SUPPLIED INFORMATION:

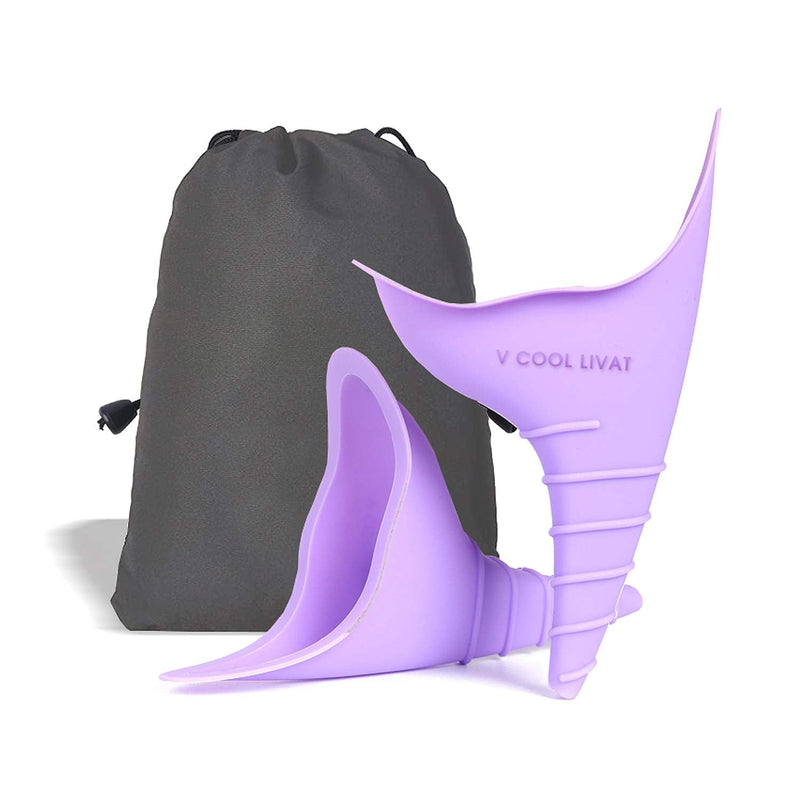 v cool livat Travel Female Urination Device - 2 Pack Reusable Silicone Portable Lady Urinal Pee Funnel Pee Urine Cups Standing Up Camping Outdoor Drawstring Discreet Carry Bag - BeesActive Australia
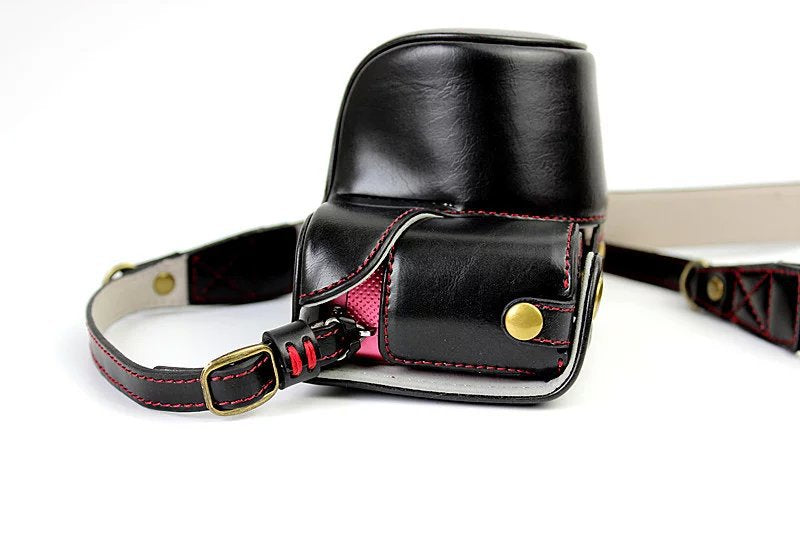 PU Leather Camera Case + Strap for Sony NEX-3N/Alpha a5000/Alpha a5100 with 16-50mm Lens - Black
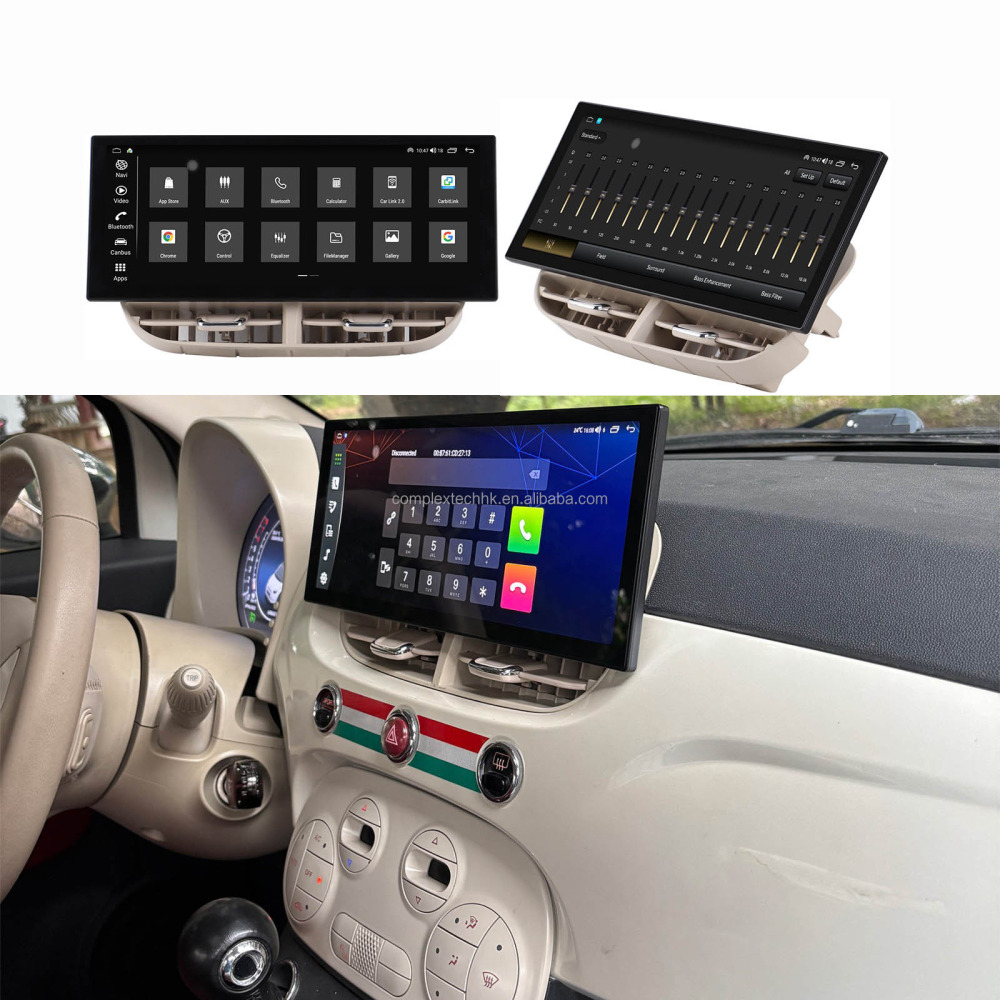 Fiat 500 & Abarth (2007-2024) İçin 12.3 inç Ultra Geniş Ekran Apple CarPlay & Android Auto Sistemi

---

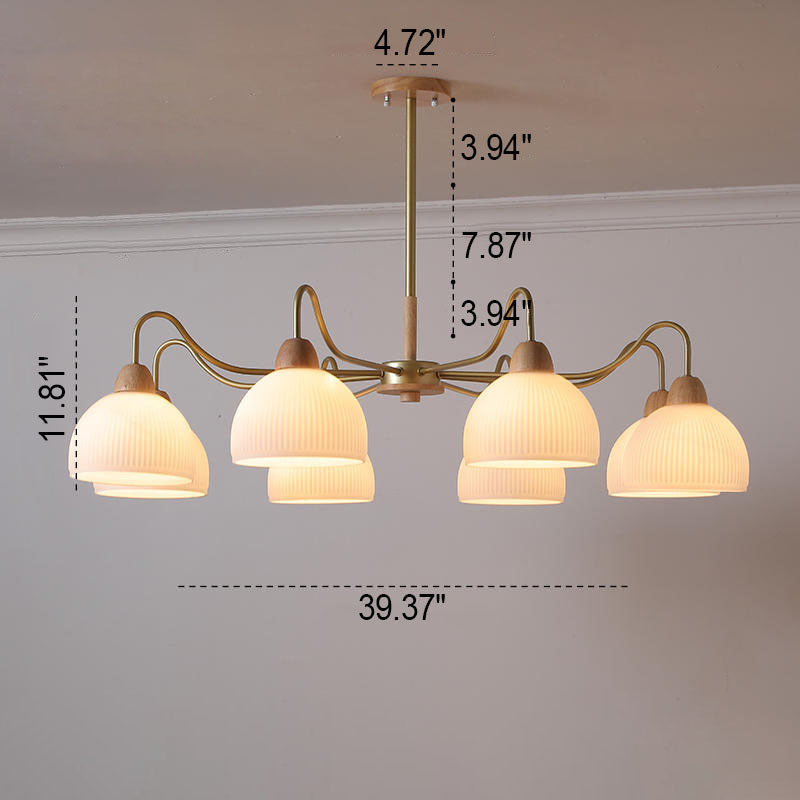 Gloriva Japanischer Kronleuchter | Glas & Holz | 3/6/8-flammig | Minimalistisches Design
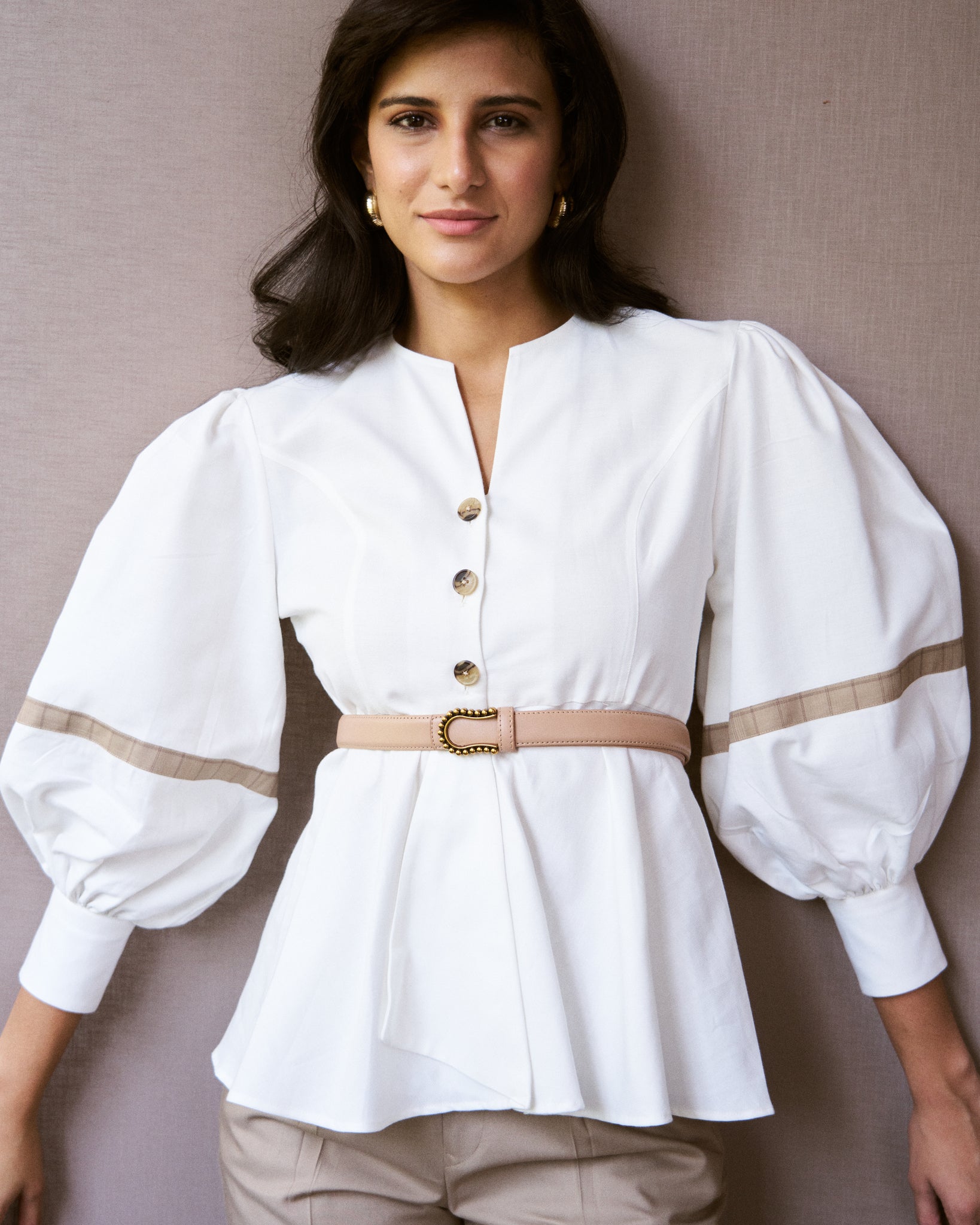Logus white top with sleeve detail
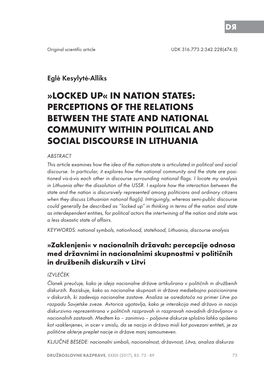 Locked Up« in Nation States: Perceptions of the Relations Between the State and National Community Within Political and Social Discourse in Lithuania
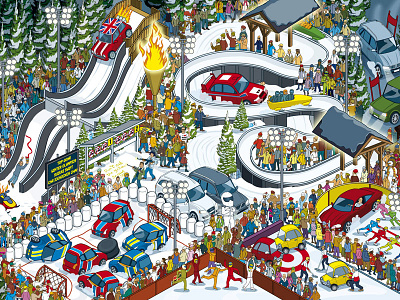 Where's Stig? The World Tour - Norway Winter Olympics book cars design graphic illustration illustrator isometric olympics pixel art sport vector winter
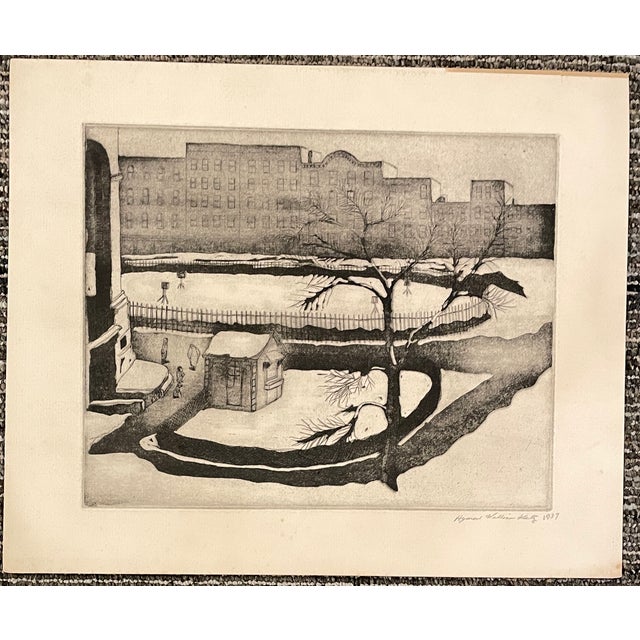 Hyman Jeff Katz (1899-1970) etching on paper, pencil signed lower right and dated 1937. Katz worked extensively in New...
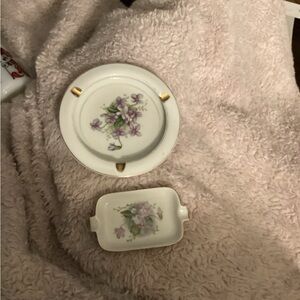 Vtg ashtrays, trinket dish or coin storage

--

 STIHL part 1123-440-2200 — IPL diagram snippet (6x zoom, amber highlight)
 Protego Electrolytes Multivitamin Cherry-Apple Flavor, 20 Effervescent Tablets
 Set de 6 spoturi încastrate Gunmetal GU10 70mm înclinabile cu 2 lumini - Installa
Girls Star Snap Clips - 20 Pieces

BRIEF: From the line containing "v cool livat" through the line containing "Fiat 500 & Abarth", copy every line above exactly, without pictures.

REPLY:
 v cool livat Travel Female Urination Device - 2 Pack Reusable Silicone Portable Lady Urinal Pee Funnel Pee Urine Cups Standing Up Camping Outdoor Drawstring Discreet Carry Bag - BeesActive Australia
 PU Leather Camera Case + Strap for Sony NEX-3N/Alpha a5000/Alpha a5100 with 16-50mm Lens - Black
 Fiat 500 & Abarth (2007-2024) İçin 12.3 inç Ultra Geniş Ekran Apple CarPlay & Android Auto Sistemi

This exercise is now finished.